# 2,147,483,647 bytes



## Michael Morris (Sep 27, 2004)

That's the current size of the forums database if anyone's curious.


----------



## Creamsteak (Sep 27, 2004)

Not nearly big enough!


----------



## Crothian (Sep 27, 2004)

Ya, it doesn't seem like that much...


----------



## LightPhoenix (Sep 27, 2004)

Heh, almost 2 GB exactly of forumy goodness.


----------



## cybertalus (Sep 27, 2004)

I always embarass myself when I do math in public, but anyway....

2,147,483,647 bytes is roughly 2.1 billion characters.  According to one website I found (not linked because it seems to be rather political) there are 6.3 billion people in the world in 2004.  That's as if one third of the population of the entire world had typed a single character on EN World.

2,147,483,647 bytes is roughly *2 gigabytes.  That's a *lot* of conversation.  Even if we're losing 20% to overhead stuff like message headers and indexes, that's still about 1.5 gigabytes of text.  (And I know nothing about databases, so the 20% was just a number I grabbed because it's nice and round.)

Since a byte equals a character, assuming 7 bytes per word (to allow for spaces, punctuation, VB code, and the like), that's almost 307 million words (not accounting for database overhead).

Anyone know what 307 million words is equivalent to in printed terms?  I'm certain it's way more than a paperback novel, and probably more than the collected works of Shakespeare, but is it closer to a set of encylopedias, the legal code for a small metropolis, the entire fiction section at the Library of Congress, or even more than that?*


----------



## Hand of Evil (Sep 27, 2004)

got my next lotto numbers!


----------



## Psionicist (Sep 27, 2004)

That is, exactly, the maximum value for a 32-bit signed integer. The maximum value for an unsigned integer is, in binary:

11111111111111111111111111111111

As you can se there are 32 ones, or "bits", above. Signed integers however, demands exactly one bit for the "sign", that is, if the value is negative or not. Remove 1 to get the maximum value:

1111111111111111111111111111111

In decimal this is 2^31-1, or exactly 2,147,483,647.

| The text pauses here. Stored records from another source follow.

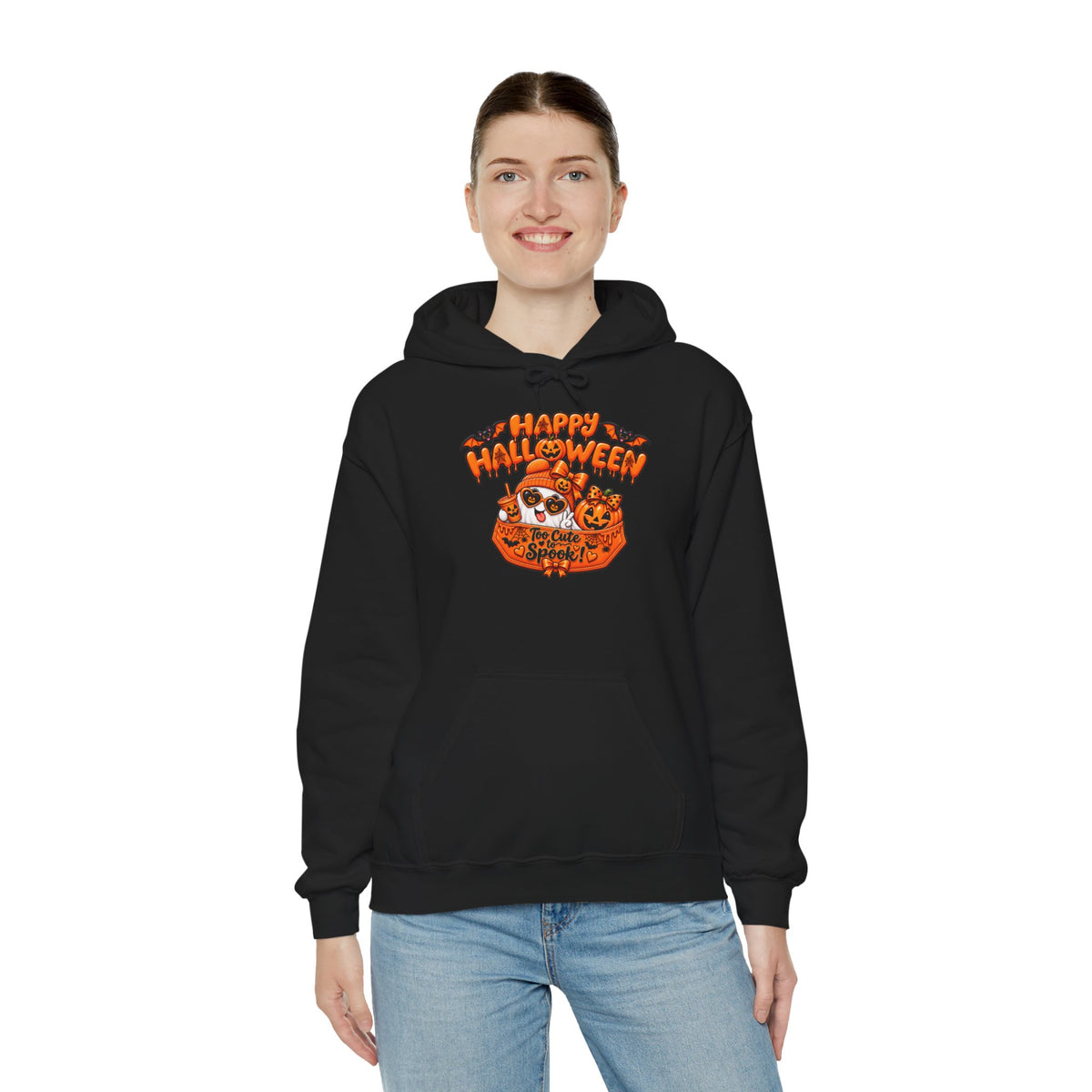 Halloween Cat Hoodie – "Happy Halloween" Pumpkin Cats Graphic
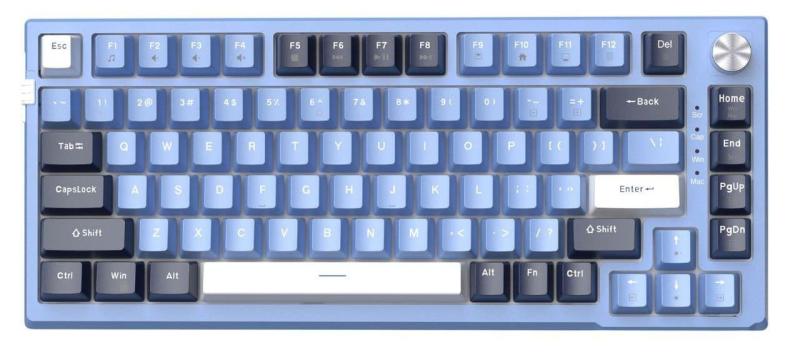 Клавіатура MageGee SKY 81 RGB Blue Whale Switch (6971969727922) Prussian Blue (G-000003953)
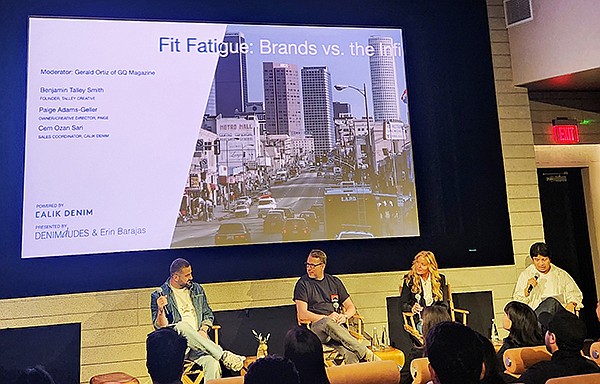 Cem Ozan Sari of Calik Denim, Benjamin Talley Smith of Talley Creative, Paige Adams-Gellar of Paige and Gerald Ortiz of GQ magazine discuss variety in denim silhouettes during the Here|After panel “Fit Fatigue: Brands vs. the Infinite Scroll of Silhouettes.”
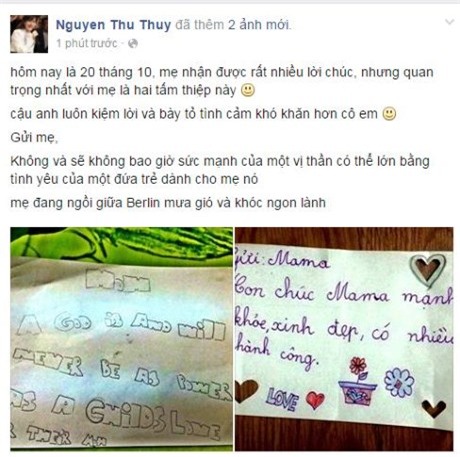 Hoa hậu Nguyễn Thu Thủy khoe quà trên trang cá nhân.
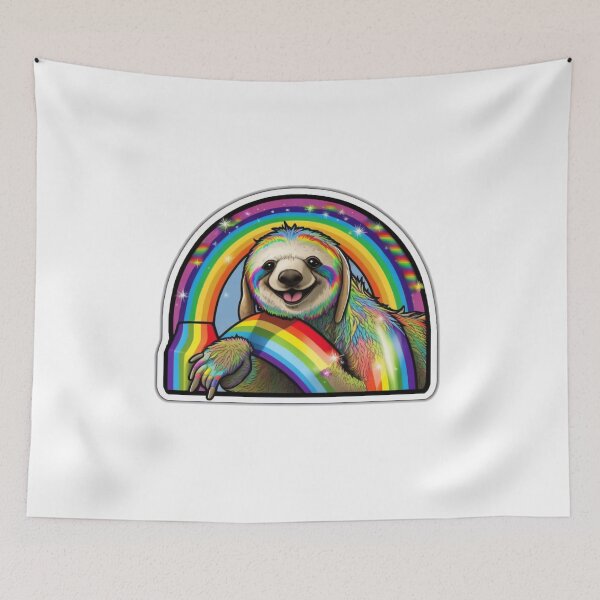Artikelvorschau, Psychedelic 90s Rainbow Sloth entworfen und verkauft von RoboRembrandt.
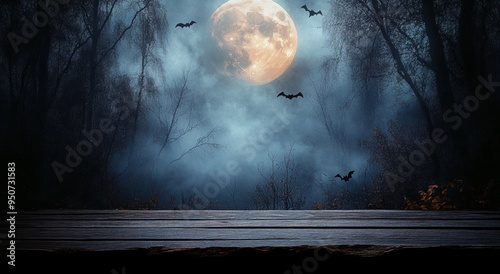 Old wood table and silhouette dead tree at night for Halloween background.
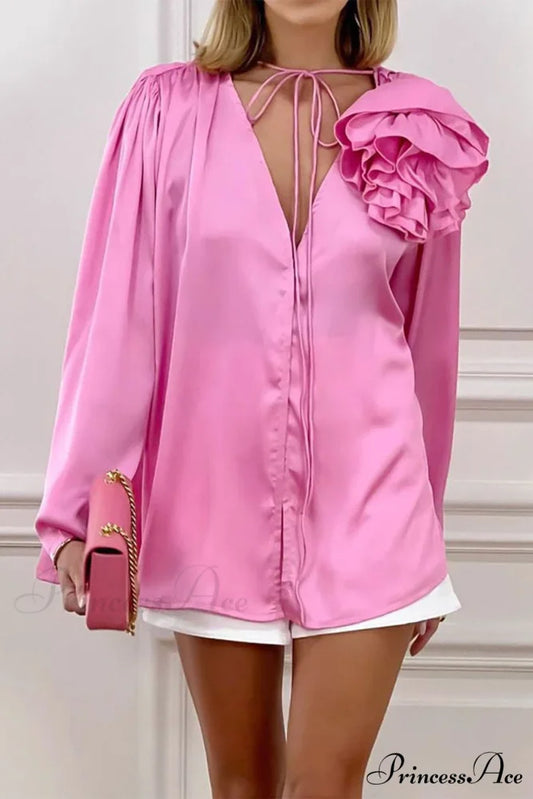 Pink V Neck Floral Lace-Up Blouse with Ruched Detail Pink / S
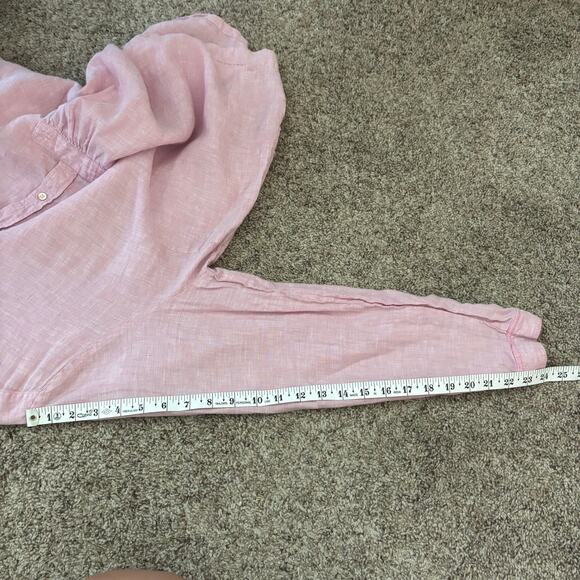 Poetry Women’s 100% Linen Light Pink Pullover Long Sleeve Top Beachy Sz 16 - Picture 14 of 15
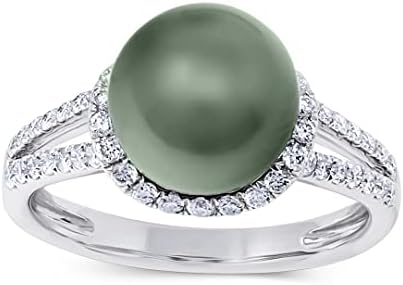 14K White Gold 10 mm Genuine Tahitian Pearl Diamond Halo Gorgeous Ring, Size 7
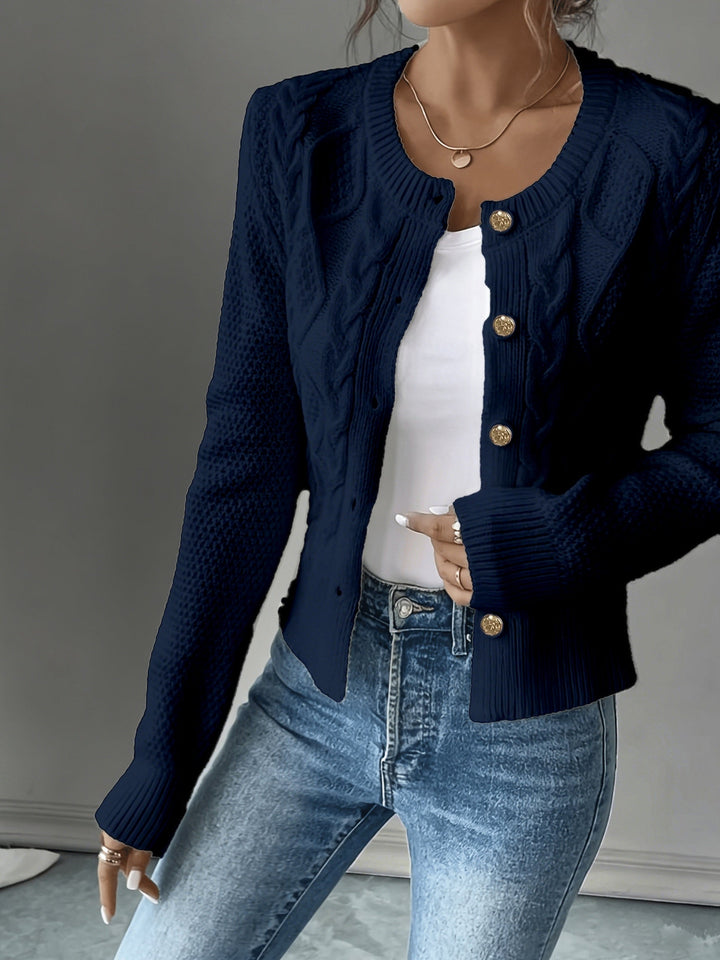 Eleanora | Kabelgebreide Knopen-Voorkant Cardigan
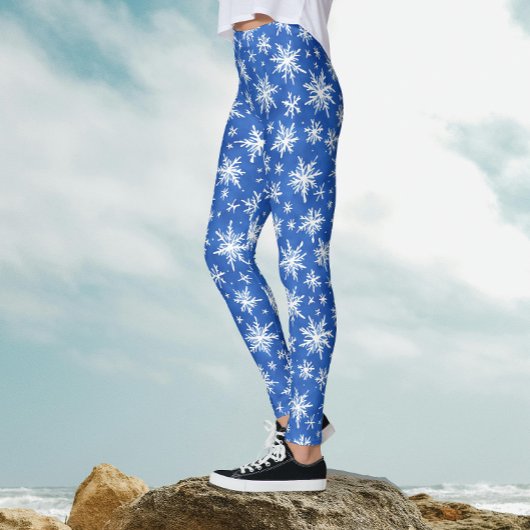 Cooles blau-weißes Schneeflocken-Muster Leggings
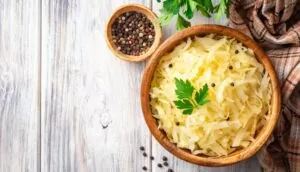 Sauerkraut in wooden bowl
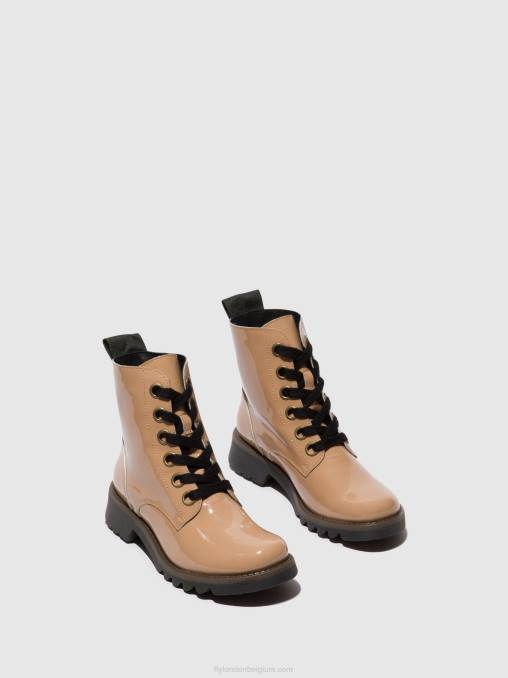 capuccino (zwarte zool) Fly London vrouwen enkellaarzen met veters ragi539 V2B095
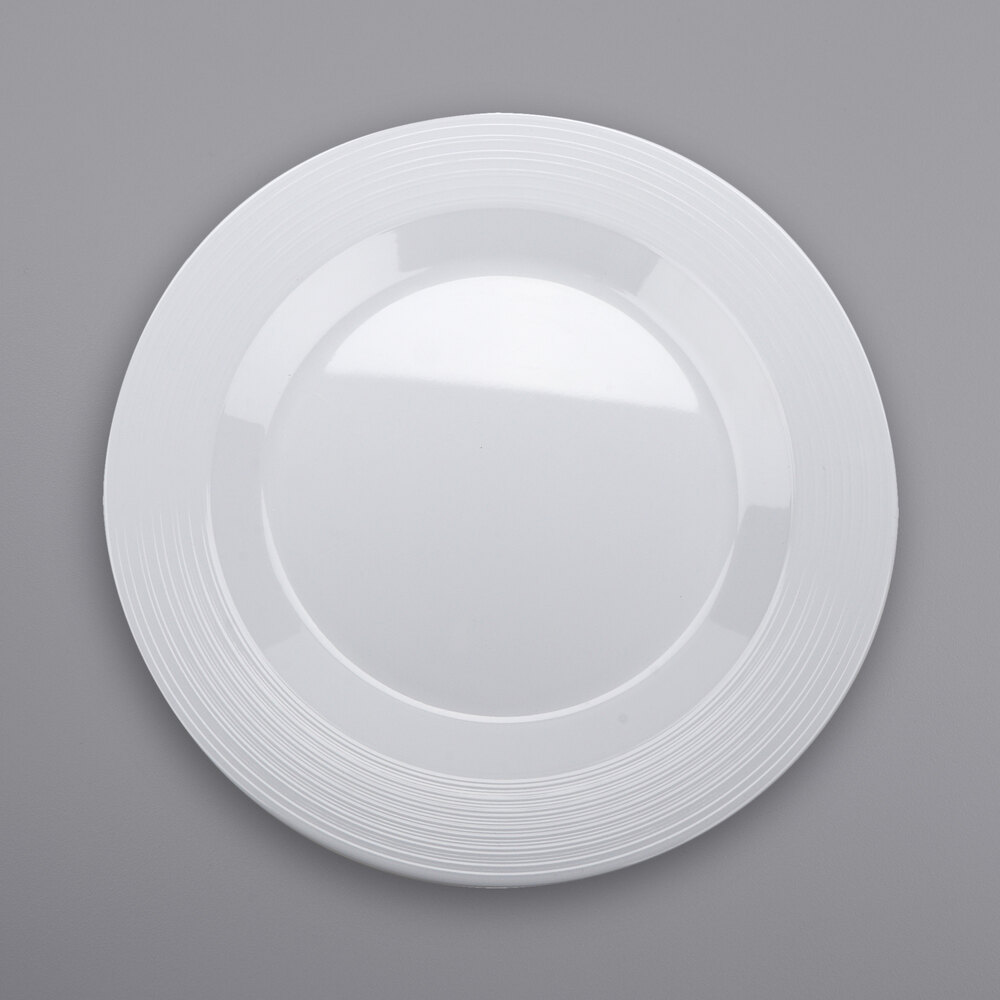 GET PT-12-MN-W Minski 12 1/2" White Glazed White Textured Rim Melamine Plate - 12/Case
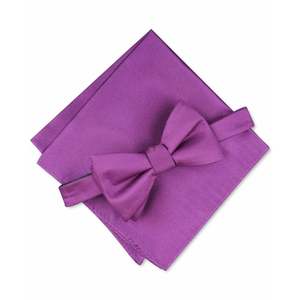 Alfani Men's Pre-Tied Bow <b>Tie</b> & Pocket Square Set Solid Textured Purple Regular Size Fashion & Casual Style Made of <b>Polyester</b> - Product Image 1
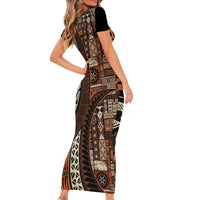 Vintage Samoa Siapo Mamanu Family Matching Short Sleeve Bodycon Dress and Hawaiian Shirt Brown Samoan Tapa Motif LT9 - Polynesian Pride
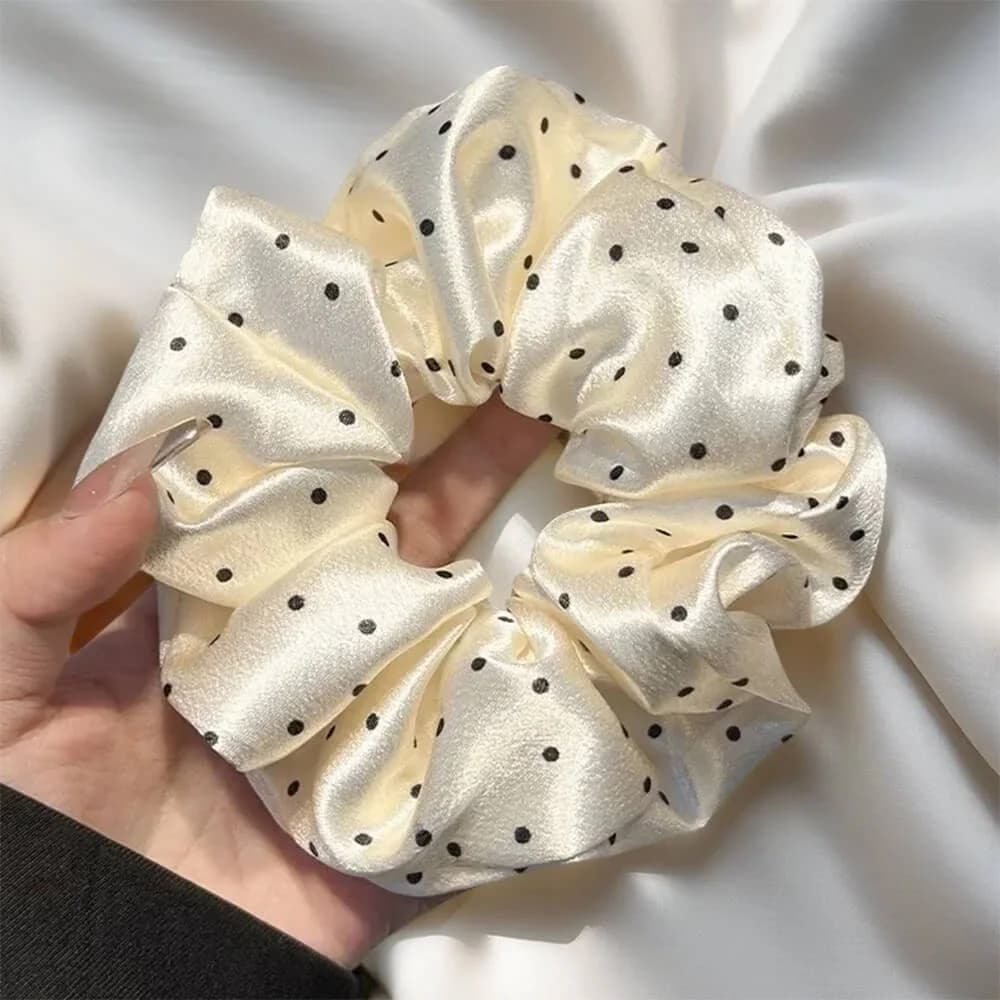 Polka Dot Satin Scrunchie — view 1 Polka Dot Satin Scrunchie — view 1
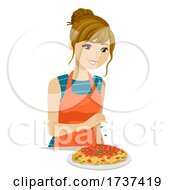 Poster, Art Print Of Teen Girl Make Pasta Spaghetti Illustration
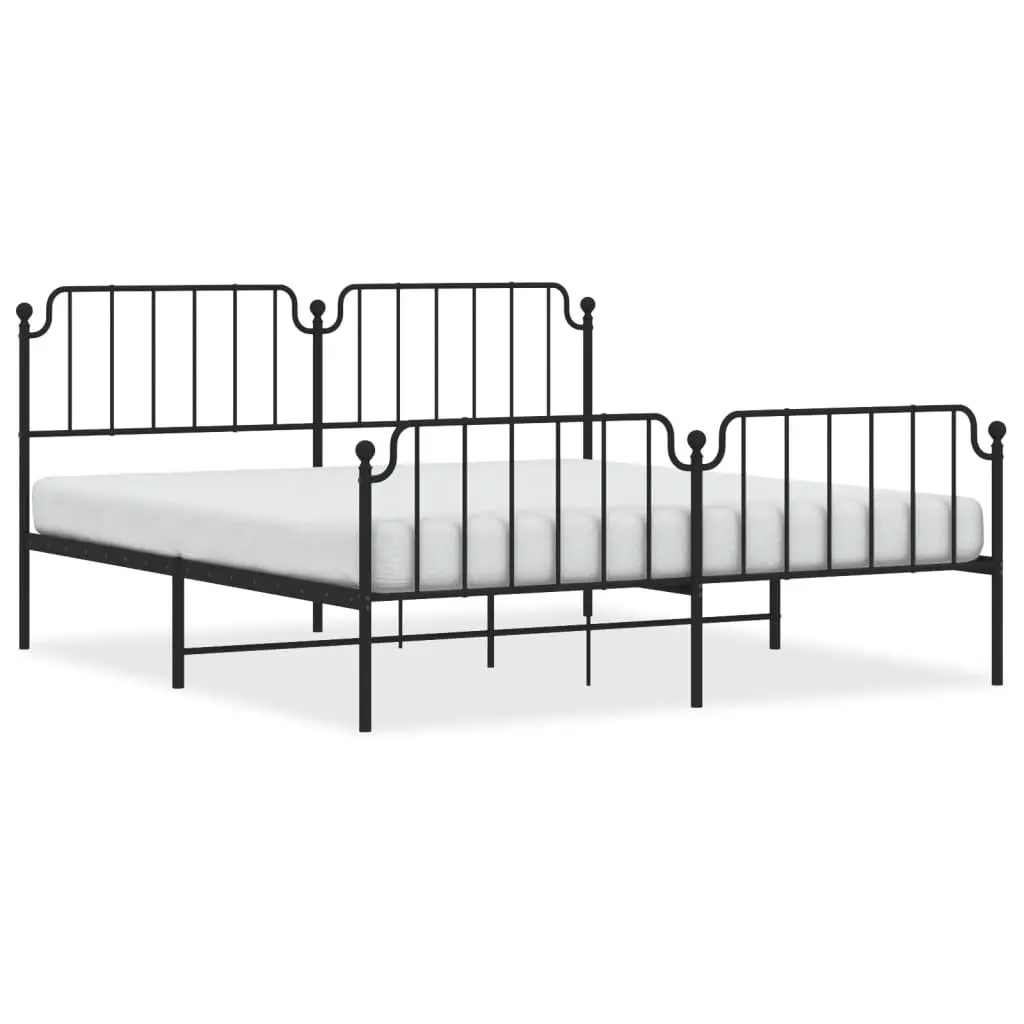 Metal Bed Frame King 183x203 cm Footboard Headboard Black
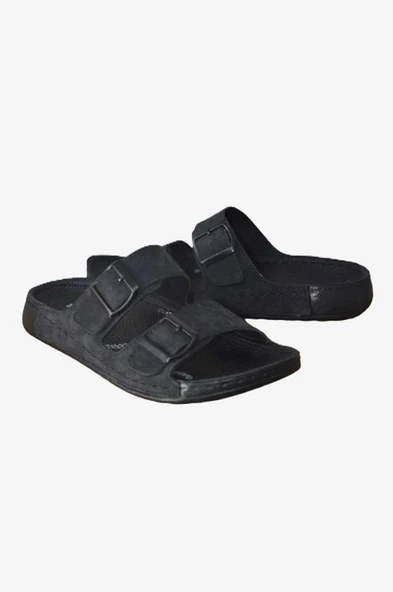 Erkek Siyah Tokalı Çift Bantlı Anatomik Terlik - 3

So, the database is probably even larger.

Edit: Note to self: Do not convert ANYTHING to another base before  breakfast.


----------



## hong (Sep 27, 2004)

That's barely 3 CDs worth of pornographic movies. Not hardly enough conversation!


----------



## diaglo (Sep 27, 2004)

hong said:
			
		

> That's barely 3 CDs worth of pornographic movies. Not hardly enough conversation!





show us the pics


----------



## Gez (Oct 2, 2004)

Psionicist said:
			
		

> So, the database is probably even larger.




Well, it depends. With some systems, with a larger database, the size would become negative!

It's something I discovered when hacking saved games. Always type FF 7F in the hex file, because with FF FF you get -1. 7FFF is 32767, but add one to get 8000, and you have -32767.

(Yep, 7FFF is written FF 7F on PCs. Byte pairs are put in reverse order. Why? Because it wouldn't be confusing enough otherwise.)


----------